What needs to be done:
Copy exactly the lines from the start of the data below through the one that carries "Farol da Barra: O", and only those.

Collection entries
╭──
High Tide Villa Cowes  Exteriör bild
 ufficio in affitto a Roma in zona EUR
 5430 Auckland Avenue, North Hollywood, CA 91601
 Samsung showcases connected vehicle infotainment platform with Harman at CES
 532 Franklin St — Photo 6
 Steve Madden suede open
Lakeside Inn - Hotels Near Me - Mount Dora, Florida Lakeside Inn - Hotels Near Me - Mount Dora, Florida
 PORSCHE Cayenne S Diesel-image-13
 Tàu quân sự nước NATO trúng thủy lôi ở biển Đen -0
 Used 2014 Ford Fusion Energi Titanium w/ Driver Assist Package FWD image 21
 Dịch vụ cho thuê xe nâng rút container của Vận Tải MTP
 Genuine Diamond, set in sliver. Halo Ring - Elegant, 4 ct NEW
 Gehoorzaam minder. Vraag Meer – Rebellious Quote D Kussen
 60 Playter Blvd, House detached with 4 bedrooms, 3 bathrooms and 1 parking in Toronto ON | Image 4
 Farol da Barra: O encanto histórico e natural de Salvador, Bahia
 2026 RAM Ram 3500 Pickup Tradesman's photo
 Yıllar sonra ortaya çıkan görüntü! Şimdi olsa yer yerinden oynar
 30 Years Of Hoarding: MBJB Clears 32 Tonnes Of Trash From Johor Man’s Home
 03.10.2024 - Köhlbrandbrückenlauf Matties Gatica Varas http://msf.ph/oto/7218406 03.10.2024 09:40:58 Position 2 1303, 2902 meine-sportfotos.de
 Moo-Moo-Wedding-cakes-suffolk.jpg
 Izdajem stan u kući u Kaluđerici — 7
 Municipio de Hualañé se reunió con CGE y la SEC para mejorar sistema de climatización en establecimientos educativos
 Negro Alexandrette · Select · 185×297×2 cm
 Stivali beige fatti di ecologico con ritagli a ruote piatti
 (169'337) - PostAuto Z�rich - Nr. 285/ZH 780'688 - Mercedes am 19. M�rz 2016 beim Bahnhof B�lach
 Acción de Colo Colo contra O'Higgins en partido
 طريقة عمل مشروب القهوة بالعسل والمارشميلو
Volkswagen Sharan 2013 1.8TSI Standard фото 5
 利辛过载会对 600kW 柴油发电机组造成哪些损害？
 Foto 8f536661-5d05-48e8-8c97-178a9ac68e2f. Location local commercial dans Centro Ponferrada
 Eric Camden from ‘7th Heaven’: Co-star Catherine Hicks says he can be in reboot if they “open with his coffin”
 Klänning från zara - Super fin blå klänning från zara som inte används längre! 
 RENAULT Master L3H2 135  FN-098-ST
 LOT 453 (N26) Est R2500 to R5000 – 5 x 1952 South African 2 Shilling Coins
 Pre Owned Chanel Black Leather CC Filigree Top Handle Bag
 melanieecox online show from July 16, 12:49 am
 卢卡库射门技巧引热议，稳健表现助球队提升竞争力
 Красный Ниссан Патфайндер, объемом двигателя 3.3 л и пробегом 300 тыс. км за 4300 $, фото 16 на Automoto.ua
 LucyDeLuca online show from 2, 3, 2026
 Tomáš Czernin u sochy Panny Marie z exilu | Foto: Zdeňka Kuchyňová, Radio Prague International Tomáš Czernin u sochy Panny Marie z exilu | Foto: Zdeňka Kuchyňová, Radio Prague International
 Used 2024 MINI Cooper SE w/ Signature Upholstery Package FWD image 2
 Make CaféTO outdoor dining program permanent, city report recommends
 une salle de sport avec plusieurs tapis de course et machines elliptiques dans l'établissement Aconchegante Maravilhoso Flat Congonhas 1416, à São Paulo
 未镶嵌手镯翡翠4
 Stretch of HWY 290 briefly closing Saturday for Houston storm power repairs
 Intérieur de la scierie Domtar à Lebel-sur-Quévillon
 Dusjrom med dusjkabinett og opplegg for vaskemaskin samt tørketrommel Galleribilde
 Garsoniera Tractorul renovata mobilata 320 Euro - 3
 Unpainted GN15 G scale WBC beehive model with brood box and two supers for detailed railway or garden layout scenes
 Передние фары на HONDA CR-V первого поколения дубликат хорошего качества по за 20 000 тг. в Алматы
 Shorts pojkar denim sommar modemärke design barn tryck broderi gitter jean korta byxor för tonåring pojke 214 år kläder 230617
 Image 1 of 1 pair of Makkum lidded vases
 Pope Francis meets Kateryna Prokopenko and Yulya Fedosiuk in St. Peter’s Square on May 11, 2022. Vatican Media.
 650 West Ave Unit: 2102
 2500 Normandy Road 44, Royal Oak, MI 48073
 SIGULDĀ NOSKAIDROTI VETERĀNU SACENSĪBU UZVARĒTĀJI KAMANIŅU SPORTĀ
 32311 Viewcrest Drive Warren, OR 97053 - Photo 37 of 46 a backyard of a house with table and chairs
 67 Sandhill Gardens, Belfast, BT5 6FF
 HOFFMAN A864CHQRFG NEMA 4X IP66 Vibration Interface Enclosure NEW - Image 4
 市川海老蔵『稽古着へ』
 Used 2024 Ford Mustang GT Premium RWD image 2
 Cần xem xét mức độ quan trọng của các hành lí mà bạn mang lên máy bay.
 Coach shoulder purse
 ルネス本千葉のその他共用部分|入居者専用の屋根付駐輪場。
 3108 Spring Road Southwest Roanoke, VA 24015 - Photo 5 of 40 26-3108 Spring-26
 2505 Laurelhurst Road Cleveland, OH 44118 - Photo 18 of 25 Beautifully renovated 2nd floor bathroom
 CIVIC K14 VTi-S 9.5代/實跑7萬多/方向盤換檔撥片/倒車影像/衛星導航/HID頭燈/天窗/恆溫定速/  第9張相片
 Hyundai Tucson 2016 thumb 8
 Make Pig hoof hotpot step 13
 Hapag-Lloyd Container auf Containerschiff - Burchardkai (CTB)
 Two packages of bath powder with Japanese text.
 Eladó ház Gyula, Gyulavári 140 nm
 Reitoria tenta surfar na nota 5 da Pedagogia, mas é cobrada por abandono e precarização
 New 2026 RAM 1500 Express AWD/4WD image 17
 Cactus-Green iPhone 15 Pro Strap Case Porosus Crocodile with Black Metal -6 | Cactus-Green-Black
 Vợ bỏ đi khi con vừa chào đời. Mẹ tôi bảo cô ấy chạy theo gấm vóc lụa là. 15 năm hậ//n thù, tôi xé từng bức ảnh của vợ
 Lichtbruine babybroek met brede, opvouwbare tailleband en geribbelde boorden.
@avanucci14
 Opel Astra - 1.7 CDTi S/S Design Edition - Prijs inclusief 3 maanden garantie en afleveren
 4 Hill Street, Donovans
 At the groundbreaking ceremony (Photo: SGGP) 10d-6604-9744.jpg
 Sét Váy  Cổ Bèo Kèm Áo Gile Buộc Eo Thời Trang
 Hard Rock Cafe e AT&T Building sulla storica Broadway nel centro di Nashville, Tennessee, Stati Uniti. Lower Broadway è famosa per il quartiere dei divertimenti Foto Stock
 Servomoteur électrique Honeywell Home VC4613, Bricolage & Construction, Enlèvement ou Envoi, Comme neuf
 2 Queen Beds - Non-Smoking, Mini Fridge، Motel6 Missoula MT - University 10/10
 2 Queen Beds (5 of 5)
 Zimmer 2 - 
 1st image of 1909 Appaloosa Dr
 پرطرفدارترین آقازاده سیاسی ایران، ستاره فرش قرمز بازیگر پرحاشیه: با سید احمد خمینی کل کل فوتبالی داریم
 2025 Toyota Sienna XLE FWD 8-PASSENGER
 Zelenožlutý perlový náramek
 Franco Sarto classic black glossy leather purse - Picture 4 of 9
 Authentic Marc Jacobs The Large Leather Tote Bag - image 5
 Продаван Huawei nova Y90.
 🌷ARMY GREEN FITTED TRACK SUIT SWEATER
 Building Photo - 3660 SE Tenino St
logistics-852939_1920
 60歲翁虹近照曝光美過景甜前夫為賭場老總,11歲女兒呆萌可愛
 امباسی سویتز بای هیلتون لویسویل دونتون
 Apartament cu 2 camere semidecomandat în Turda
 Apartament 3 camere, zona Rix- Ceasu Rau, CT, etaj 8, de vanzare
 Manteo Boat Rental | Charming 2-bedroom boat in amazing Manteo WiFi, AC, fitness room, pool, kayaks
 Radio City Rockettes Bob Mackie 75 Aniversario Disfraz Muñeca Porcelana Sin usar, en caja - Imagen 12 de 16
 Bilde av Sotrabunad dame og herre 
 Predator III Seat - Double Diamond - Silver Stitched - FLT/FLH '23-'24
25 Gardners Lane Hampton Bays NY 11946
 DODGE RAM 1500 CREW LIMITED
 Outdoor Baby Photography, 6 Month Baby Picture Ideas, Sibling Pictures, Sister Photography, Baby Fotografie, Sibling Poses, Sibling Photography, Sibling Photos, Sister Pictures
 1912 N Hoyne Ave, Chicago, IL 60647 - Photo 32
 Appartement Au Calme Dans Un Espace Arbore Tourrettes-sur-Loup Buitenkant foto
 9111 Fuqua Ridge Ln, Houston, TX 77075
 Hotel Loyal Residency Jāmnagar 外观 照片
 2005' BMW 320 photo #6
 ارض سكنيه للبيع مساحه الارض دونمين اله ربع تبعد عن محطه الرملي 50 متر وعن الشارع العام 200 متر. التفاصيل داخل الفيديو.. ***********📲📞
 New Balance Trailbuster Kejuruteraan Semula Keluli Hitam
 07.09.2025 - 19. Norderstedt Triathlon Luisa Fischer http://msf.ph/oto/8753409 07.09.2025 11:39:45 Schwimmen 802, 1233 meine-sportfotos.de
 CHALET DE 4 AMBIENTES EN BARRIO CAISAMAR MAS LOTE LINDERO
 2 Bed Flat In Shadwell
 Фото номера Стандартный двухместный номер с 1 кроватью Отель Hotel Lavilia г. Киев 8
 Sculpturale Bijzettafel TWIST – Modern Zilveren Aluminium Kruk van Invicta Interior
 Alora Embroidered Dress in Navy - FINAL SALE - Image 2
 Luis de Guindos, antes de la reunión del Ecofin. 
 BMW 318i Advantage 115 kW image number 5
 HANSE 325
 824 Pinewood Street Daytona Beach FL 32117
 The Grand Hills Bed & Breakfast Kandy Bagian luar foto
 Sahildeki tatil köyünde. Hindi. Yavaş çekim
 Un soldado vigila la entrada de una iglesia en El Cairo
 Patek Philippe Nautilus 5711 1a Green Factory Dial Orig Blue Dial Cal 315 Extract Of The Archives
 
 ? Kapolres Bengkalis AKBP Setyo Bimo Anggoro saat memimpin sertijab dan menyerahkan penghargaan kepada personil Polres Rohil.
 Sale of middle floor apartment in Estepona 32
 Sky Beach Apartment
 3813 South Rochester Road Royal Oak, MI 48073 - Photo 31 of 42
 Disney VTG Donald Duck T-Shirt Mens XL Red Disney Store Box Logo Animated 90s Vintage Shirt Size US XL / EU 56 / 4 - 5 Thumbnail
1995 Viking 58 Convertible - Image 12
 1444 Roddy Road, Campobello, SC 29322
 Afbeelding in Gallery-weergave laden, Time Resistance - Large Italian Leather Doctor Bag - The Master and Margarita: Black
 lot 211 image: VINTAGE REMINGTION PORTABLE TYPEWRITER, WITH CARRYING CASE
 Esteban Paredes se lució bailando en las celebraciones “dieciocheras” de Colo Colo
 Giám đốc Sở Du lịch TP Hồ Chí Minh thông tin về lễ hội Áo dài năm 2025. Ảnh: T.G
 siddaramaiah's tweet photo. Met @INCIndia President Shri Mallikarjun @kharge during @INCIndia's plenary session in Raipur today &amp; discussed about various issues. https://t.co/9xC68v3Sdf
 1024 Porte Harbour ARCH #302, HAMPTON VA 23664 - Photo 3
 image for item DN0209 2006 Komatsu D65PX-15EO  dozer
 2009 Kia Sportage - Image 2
╰──
Response area:
High Tide Villa Cowes  Exteriör bild
 ufficio in affitto a Roma in zona EUR
 5430 Auckland Avenue, North Hollywood, CA 91601
 Samsung showcases connected vehicle infotainment platform with Harman at CES
 532 Franklin St — Photo 6
 Steve Madden suede open
Lakeside Inn - Hotels Near Me - Mount Dora, Florida Lakeside Inn - Hotels Near Me - Mount Dora, Florida
 PORSCHE Cayenne S Diesel-image-13
 Tàu quân sự nước NATO trúng thủy lôi ở biển Đen -0
 Used 2014 Ford Fusion Energi Titanium w/ Driver Assist Package FWD image 21
 Dịch vụ cho thuê xe nâng rút container của Vận Tải MTP
 Genuine Diamond, set in sliver. Halo Ring - Elegant, 4 ct NEW
 Gehoorzaam minder. Vraag Meer – Rebellious Quote D Kussen
 60 Playter Blvd, House detached with 4 bedrooms, 3 bathrooms and 1 parking in Toronto ON | Image 4
 Farol da Barra: O encanto histórico e natural de Salvador, Bahia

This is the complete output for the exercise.